Luckily, the next day Car finally convinced Agusto to let a female work in the Pizzaría so I was soon working again in a whole other scenario. But one morning, after working all night at Agusto's, then cleaning up, making the journey back home and walking into our rented room as the sky began to lighten, I found a note stuffed between the windowframe and screen near our bed. It was from the ICPO, saying he was sorry, he hadn't meant to frighten me off. Wouldn't I consider coming back to work for them?
And of course Car STILL HOLDS THAT "I TOLD YOU SO" OVER MY HEAD whenever we disagree in our opinions of someone's character...

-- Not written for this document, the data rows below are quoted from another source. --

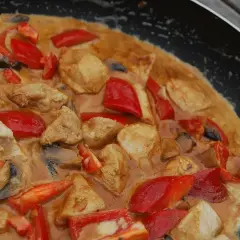 En smakrik chicken karahi i en panna med möra kycklingbitar, röd paprika och champinjoner i en krämig sås.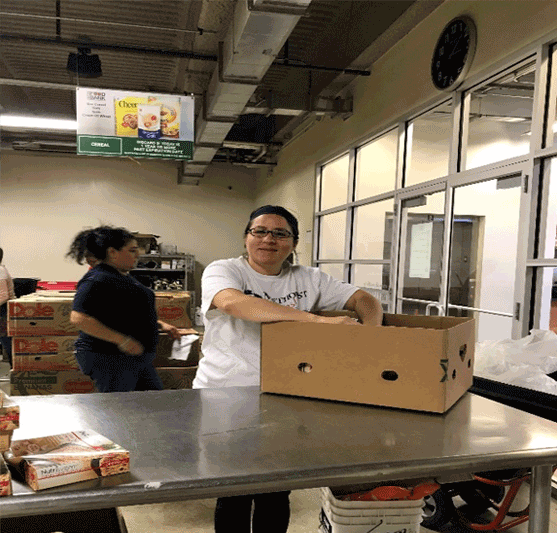 volunteers packing food in boxes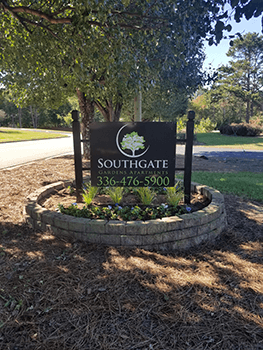 A sign for Southgate Gardens is surrounded by plants and a tree.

Now that I think about it, maybe that was my first intercultural blooper! I mean, how is it that I absolutely did not see that coming??
Okay, hope the blogger meetup includes some intercultural bonding...

Thursday, April 3, 2008

Getting back to it

Just when I had come to the conclusion that blogging is not for me, I get a push from fned. Did she do it on purpose, knowing how I tick? I'll have to think on that one. I have been reading other blogs lately, but haven't found anything I want to blog about myself. The tomato garden is completely enclosed and turned over... I'm just waiting for the rainy season to begin before I actually plant, as it is so dry at the moment, and watering is not really a good option, what with having to buy pipas of water which somehow seems to disappear faster and faster from the cistern; a tank-truck (pipa) of water used to last us 3 weeks, but now it's more like 10 days to two weeks. We've been wondering if we're getting less than we're paying for (as in the case of gas and gasoline in some places) or if our cistern has seepage.

I do have lots of thoughts going around in my mind, but I just looked at the clock and it's 2:44 and my alarm is set to wake up in 2 hours... maybe I'll blog about sleep habits... but not now. I gotta get to bed!